Trinta anos depois, reler pela terceira vez Sagarana é absorver a obra de Guimarães Rosa num grau de compreensão bem mais maduro do que quando nos deparamos com o livro ainda jovem.

Compreender e absorver a obra, degustando cada página dos nove contos carregados de aventura, morte, animais forizados em gente.

Contextos de reflexões subjetivas e espiritualistas a nos embalar por peripécias de antigas histórias épicas e heróicas dos sertões das Minas Gerais -, principalmente no meio de cinco contos: O Burrinho Pedrês, Duelo, São Marcos, A Hora e a Vez de Augusto Matraga e Corpo fechado.

Contos narrados em tom de histórias de fada.

Por exemplo: o Burrinho Pedrês e Conversa de Bois nos lembram narrativas de fundo de rede quando éramos colocados para dormir, ao som de “Era uma vez…”

Era uma vez um burrinho pedrês
Miúdo e resignado, vindo de Passa-Tempo
Conceição do Serro, ou não sei onde no sertão.
Chamava-se Sete-de-Ouros,
E já fora tão bom,
Como outro não existiu
E nem pode haver igual.

Animais transformados em heróis, questionando o saber dos homens com o seu suposto não saber.

Delícia!

A genialidade de Rosa alterna focos narrativos no diálogo de instrumentos – uma clarineta insinuante, fanhosa e meio fraca [associada ao personagem Turíbio] e uma tuba solene, penetrante, mas arquejando pelo esforço, em Duelo.

O matuto Manuel Fulô, de Corpo Fechado, contando histórias do sertão ao homem da cidade.

Emocionante sentir o estilo Guimaraniano num dos contos mais bem tramados do livro: Minha Gente, que tem a história principal emendada, alterada, recontada por pequenos detalhes e elementos dados pouco a pouco ao leitor.
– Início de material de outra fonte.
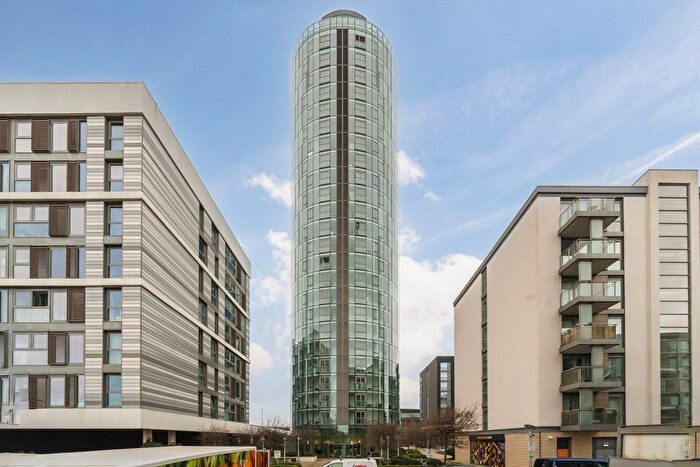 1 Bedroom Flat For Sale In Ealing Road, Brentford, TW8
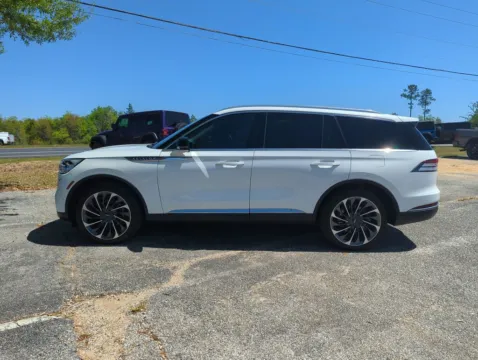 More photos of 2020 Lincoln Aviator Reserve at Step One CDJR Fiat Crestview, FL
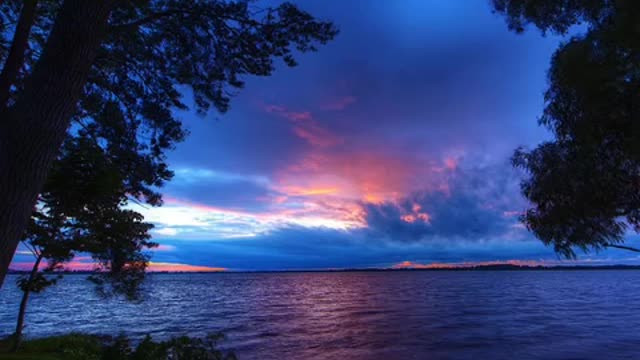 Música Para Relaxar com Imagens Lindas do Mar e Montanhas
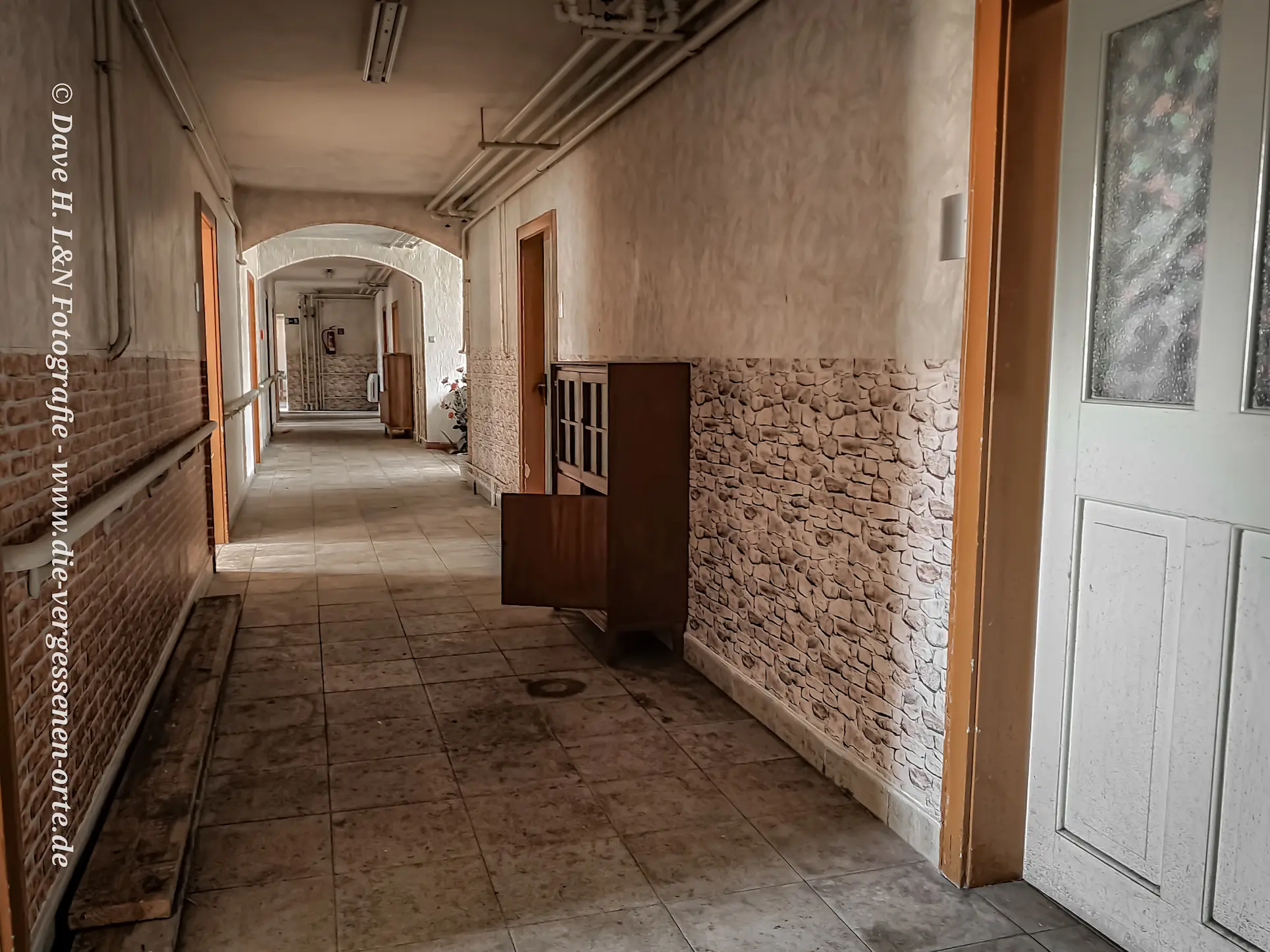 Langer kalter Gang im verlassenen Schloss.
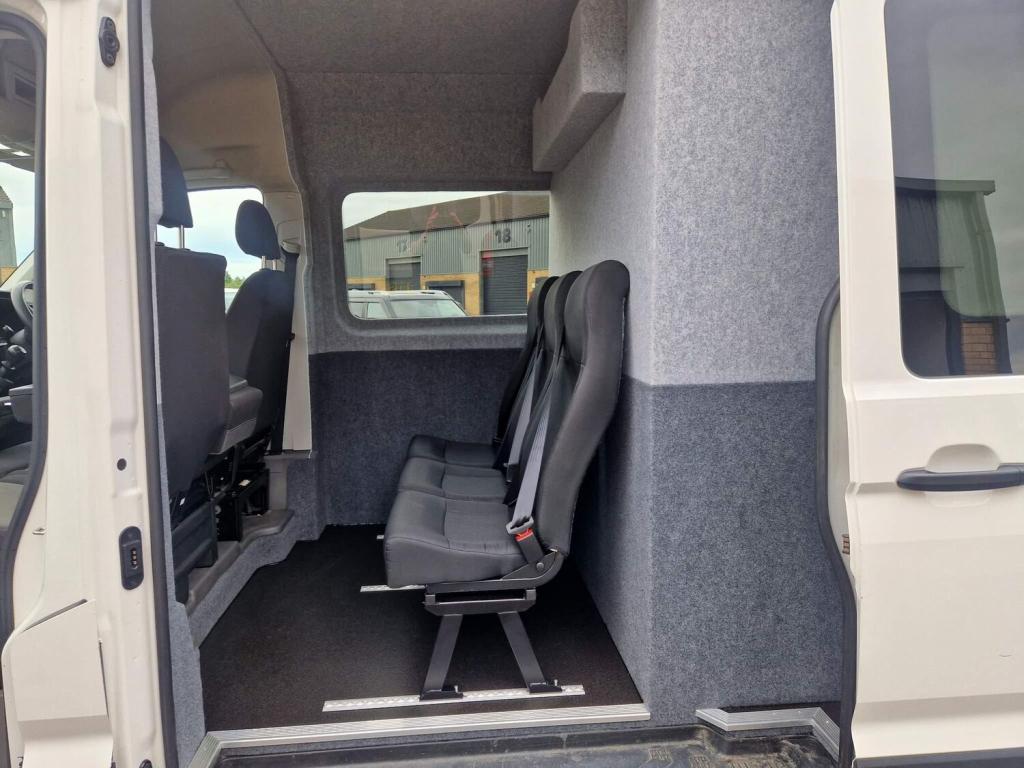VOLKSWAGEN CRAFTER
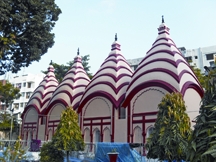 চিত্র:Dhakeswari Temple Zahir.jpg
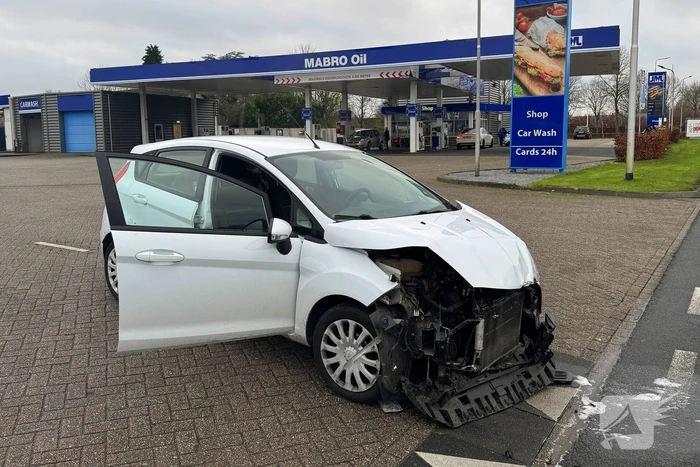 Forse schade bij botsing tussen personenauto en bestelauto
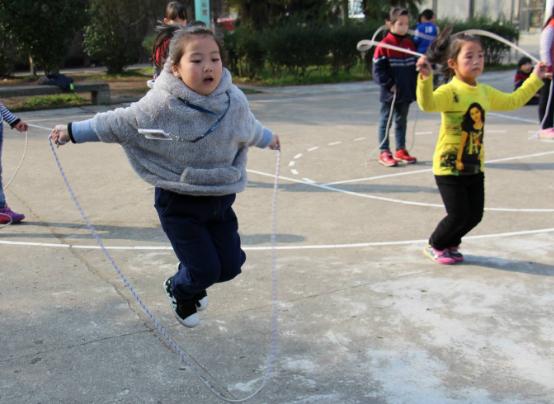 过年变小孩的装备：重温童年的欢乐时光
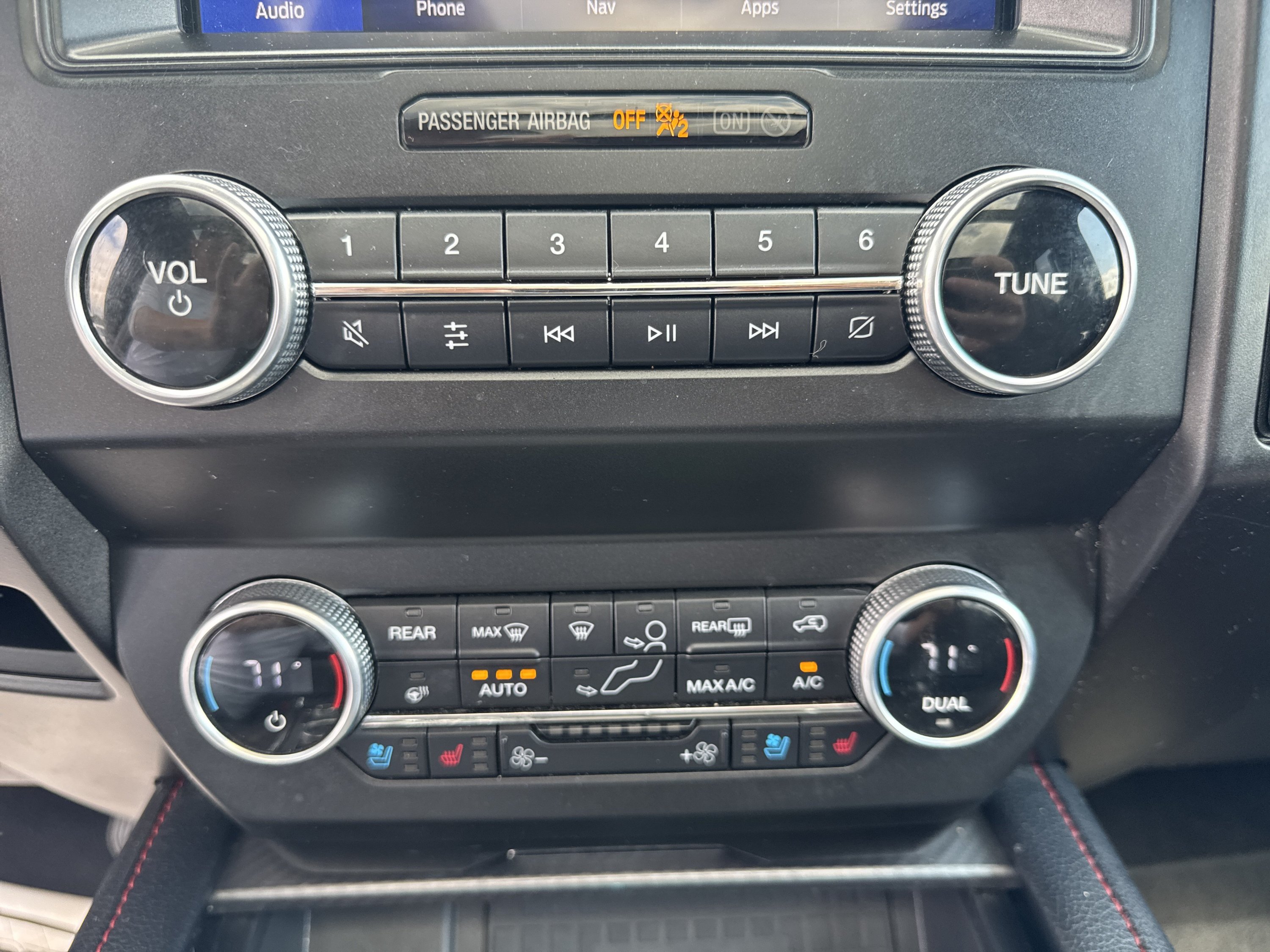 Used 2021 Ford Expedition Limited AWD/4WD image 25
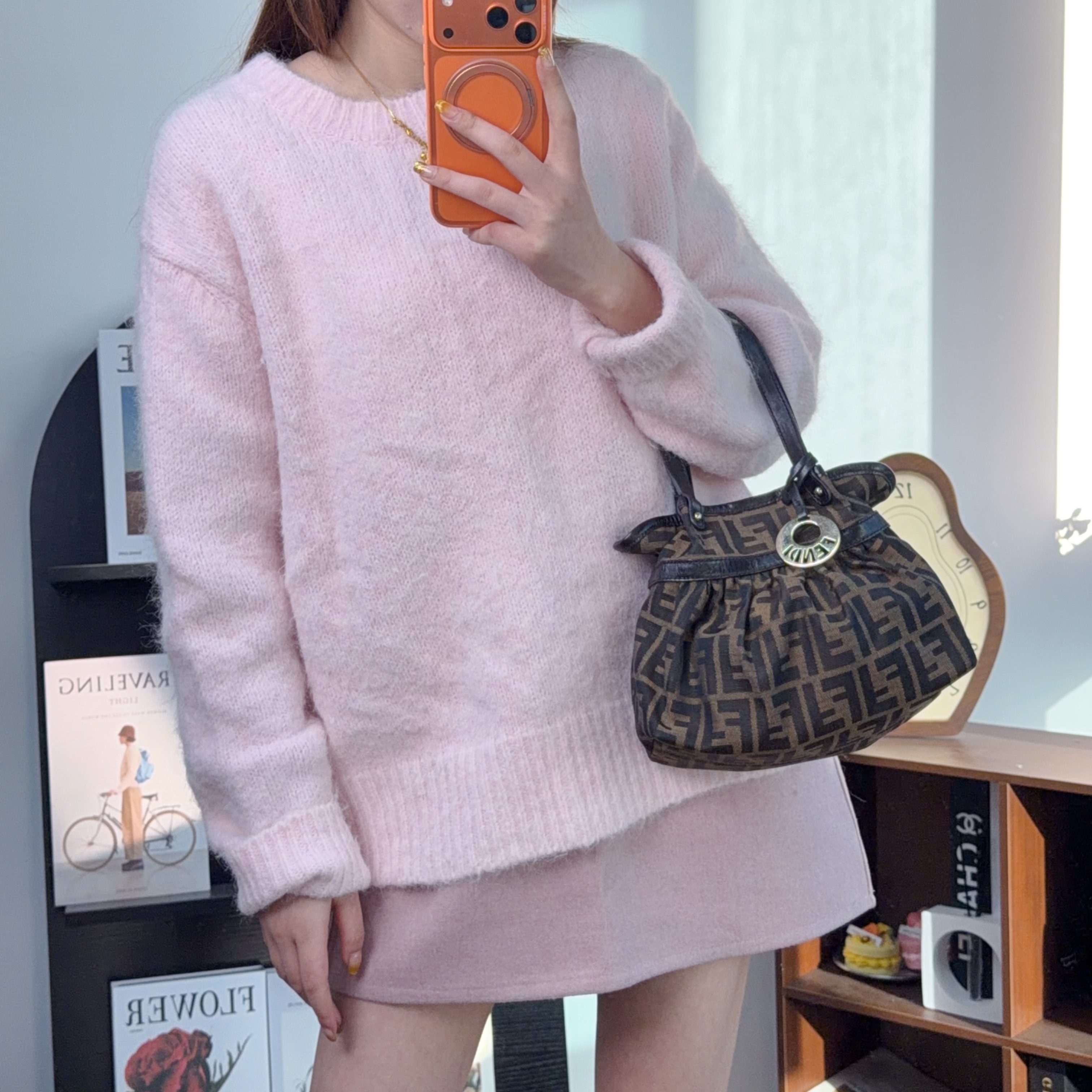 95新 FENDI/芬迪 小烧麦腋下手提包/jmm84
Extraordinário o lance da partida de xadrez, narrada no início, mostrando como devemos entender o enredo em si: um xeque, dado pelo protagonista, acaba se virando contra ele próprio.

Tipo de narrativa a insinuar ao leitor que as aparências dos fatos escondem, mais que revelam, sua verdadeira intenção.

Repletos de histórias dentro de histórias, de monólogos interiores desvendando o universo dos homens, dos bichos e das coisas, os contos de Sagarana nos permitem uma espécie de ritual de iniciação, ao longo da leitura. Esta iniciação ocorre se conseguirmos compreendê-los em sua simbologia, na falta de lógica, mítica e poética que humaniza em sentido profundo os protagonistas – aparentemente apenas sertanejos dos Gerais – e universaliza o sertão.

– “O sertão é o mundo”, diz Riobaldo de Grande Sertão: Veredas.

De Sagarana, podemos afirmar o mesmo. Porque a obra é um conjunto de sagas, histórias épicas, folclóricas, amor, mistério e aventura – universalizando o sertão, misturando popular e erudito, fecundando de vida o mundo primitivo e mágico dos Gerais.

Na tarde de sábado, a releitura de Guimarães Rosa nos enfurece de emoção. Juazeiros espalhados no verde Graciliano. Como macambiras a enveredar Sertões.

Sertões Guimaranianos.

Assim como nos deixa terrivelmente fecundado, a transposição dos nove contos a ritmos Gerais, magistralmente resumidos numa peça musical de Paulo César Pinheiro na voz de sua saudosa esposa, Clara Nunes.